Compared to levels of GATA3 and FOXA1 in primary tumors, average levels were similar in some metastatic sites, while expression differed in others (Fig. 1C). Jointly analyzing all metastases as one population, this trend was not significant for FOXA1 (P = 0.730; mean staining percentage primary 71% vs. metastasis 64%; Wilcoxon signed rank test), while for GATA3 it was (P = 0.036; mean staining percentage primary 59% vs. metastasis 38%; Wilcoxon signed rank test). In contrast to pleural effusions but in agreement with previous reports (Ross‐Innes et al., 2012; Tangen et al., 2014), FOXA1 levels were increased in solid metastases (P = 0.002; mean staining percentage primary 53% vs. metastasis 74%; Wilcoxon signed rank test; Fig. S3). This effect was most prominent in solid metastases to the skin (P = 0.070; Wilcoxon signed rank test; Fig. 1C). No difference in GATA3 level was found between primary breast cancer and solid metastases (P = 0.658; mean staining percentage primary 40% vs. metastasis 42%; Wilcoxon signed rank test; Fig. S3).

FOXA1 and GATA3 expression in relation to adjuvant endocrine therapy exposure

Even though FOXA1 and GATA3 levels have previously been studied in the context of primary and metastatic breast cancer, no thorough assessment has been performed to date in relation to prior endocrine therapy usage.

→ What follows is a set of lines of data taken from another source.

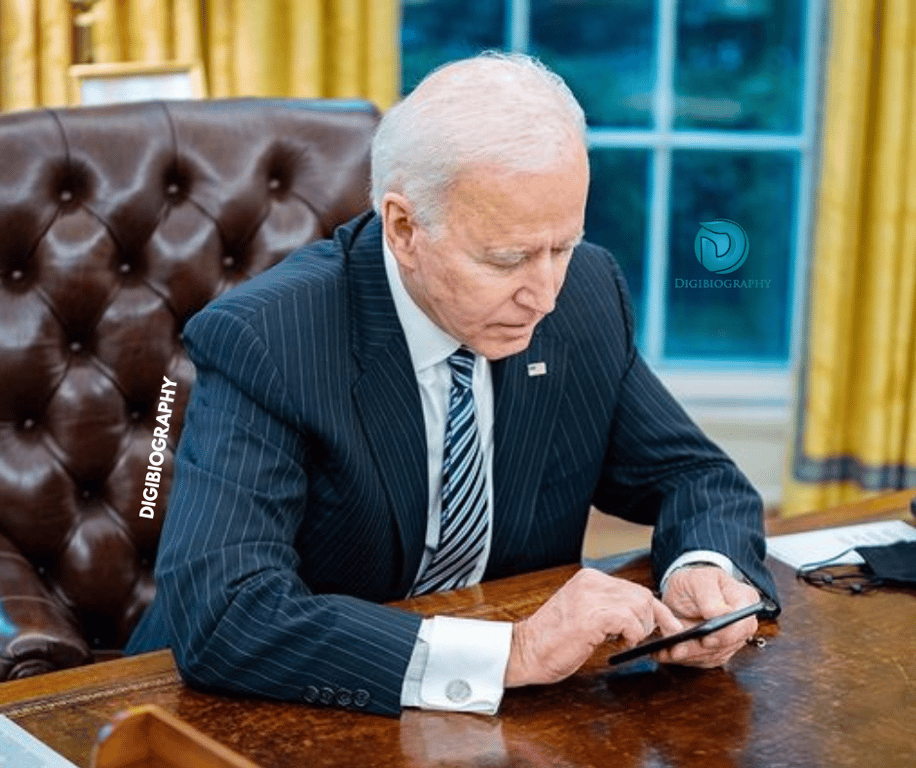 Joe Biden sitting on the chair while using her phone
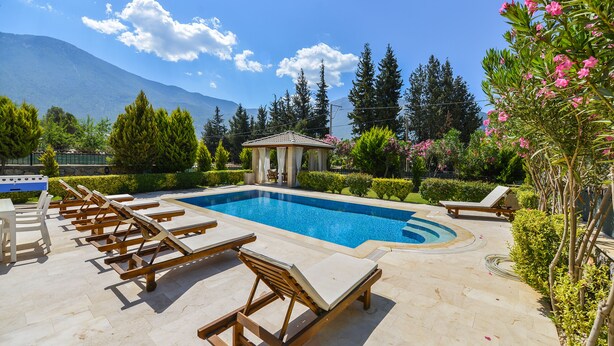 A pool area with lounge chairs, a gazebo, and a mountain backdrop.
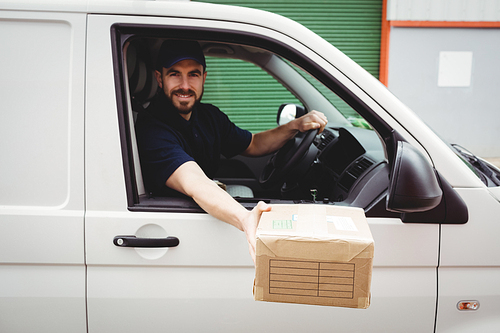 Delivery man sitting in his van while holding a package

We chose to focus on pleural effusion metastases (n = 152), due to the large interpatient variation observed in levels of FOXA1 and GATA3 for this metastatic site. As ESR1 activating hotspot mutations are reported enriched in endocrine‐resistant metastatic breast tumors (Toy et al., 2013), we tested for any of the helix 12 activating hotspot mutations in 11 randomly selected samples from adjuvant tamoxifen‐treated patients (Fig. S1). None of these samples exposed activating hotspot mutations. Therefore, it seems unlikely that activating ESR1 point mutations is a major contributor in our cohort of pleural metastases.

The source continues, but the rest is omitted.